So we tried again the next day.  I waited this time.  I brought my Kindle and twirled around in a computer chair for about 2 hours while he completed the exam.  He tested out of the Introduction to Spanish course, but didn’t do so well in the other sections, well, he passed, but not enough to opt out of those sections of the course entirely.

So his first course online was Introduction to Computer Science.  Seems like a good one to start with.  Only he found it tediously boring.  When it came time to take the exam, he missed an entire section (because it was boring) and failed.  He had the option to do an extra credit activity (for a fee of course) and passed with a 77.  

The second online course was Online Classroom Study Techniques.  Again, this seemed like a good course, even helpful perhaps?  But just like the first course, he found it BORING!  He procrastinated and then the last day to turn in the exam he had made plans with friends, so rushed through it and guess what?  Failed again.  He did the extra credit activity and passed with a 70.

You can probably guess that I wasn’t a happy camper at this point.  As an incentive, I drew up a potential income chart.  If he scored above a 90, he would earn 500 pesos.  An 80 would earn him 200 pesos.  No earnings for grades in the 70s.  Anything below that, woe betide him.  He must reimburse me for the retake fees.  AND he would not be allowed to say at the little house in Sunflower Valley overnight until he brought his grades up.

The third online course was Mathematical Reasoning and he bellyached about that, but the first week he completed 70 percent of the course.
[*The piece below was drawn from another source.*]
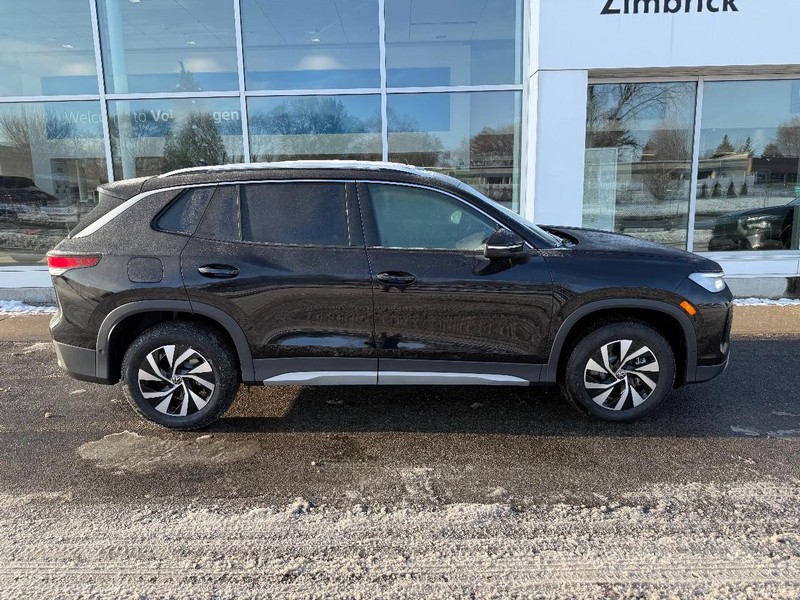 Volkswagen Tiguan Vehicle Full-screen Gallery Image 2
He was doing well.  He had 80-100% correct answers on his activities.  Then he let it slide.  He logged on to complete the final section, worth 25% of his grade to find out that the course had closed the previous day, 3 days early, due to technical problems with the site.  So he failed AGAIN!
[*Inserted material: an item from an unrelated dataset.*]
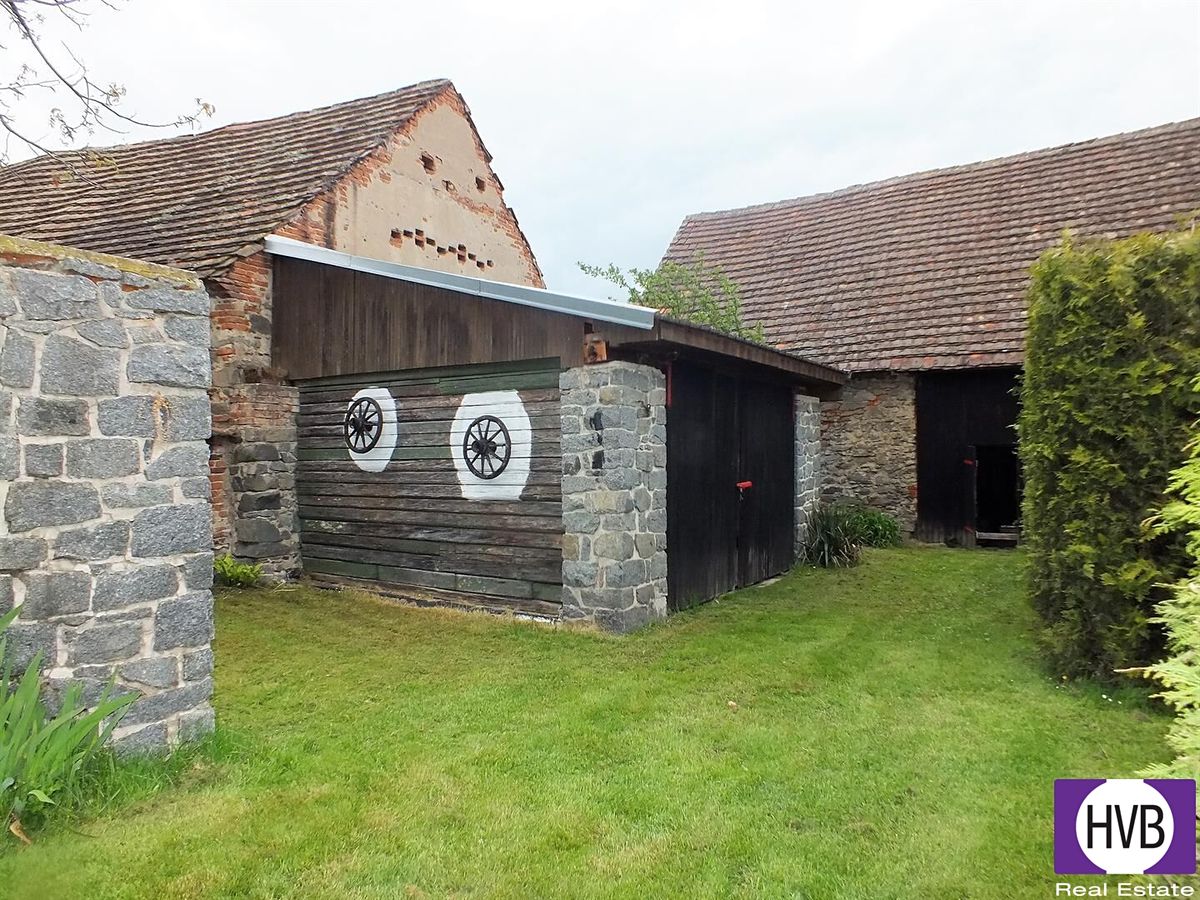 Prodej rodinného domu 422 m², pozemek 2370 m² – fotografie 3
For some reason we couldn’t register for the recuperation activity, site problems I guess. So he would have to take the course over again.  

The next class was Text Analysis, not his favorite by a long shot. Upon registration,  I really emphasized that he needed to complete the course sooner rather than later.  The whole point of doing this online course bit is for him to learn how to manage his time effectively.  So far he hasn’t mastered that particular skill. If he learns something from the actual course he is taking, well that’s a bonus.  Call me crazy but time management would be something to excel at before taking more extensive(and expensive) courses.  I also threatened to send him to the downtown computer lab to do his school work daily.  If there are too many distractions (Minecraft, Facebook, Whats App) for him at the little house, well then, time to move to a distraction-free monitored zone.

This time, he really applied himself even though I know this was his least favorite course so far.  The report card came and he passed with a 71 the first time around. No extra activities needed, no redoing the entire course.  Yipee!  As a reward, the prohibition to staying at the little house in Sunflower was lifted. He now could choose one night to stay overnight per week.  IF he passed the next course, he’d be allowed to stay 2 nights.

December brought a redo of Mathematical Reasoning.  Since he had done well with the material the first time around, he rushed to completion a full week ahead of schedule.  He double and triple checked that 100% of the course activities had been submitted and we waited for the grade. 79.  Much better!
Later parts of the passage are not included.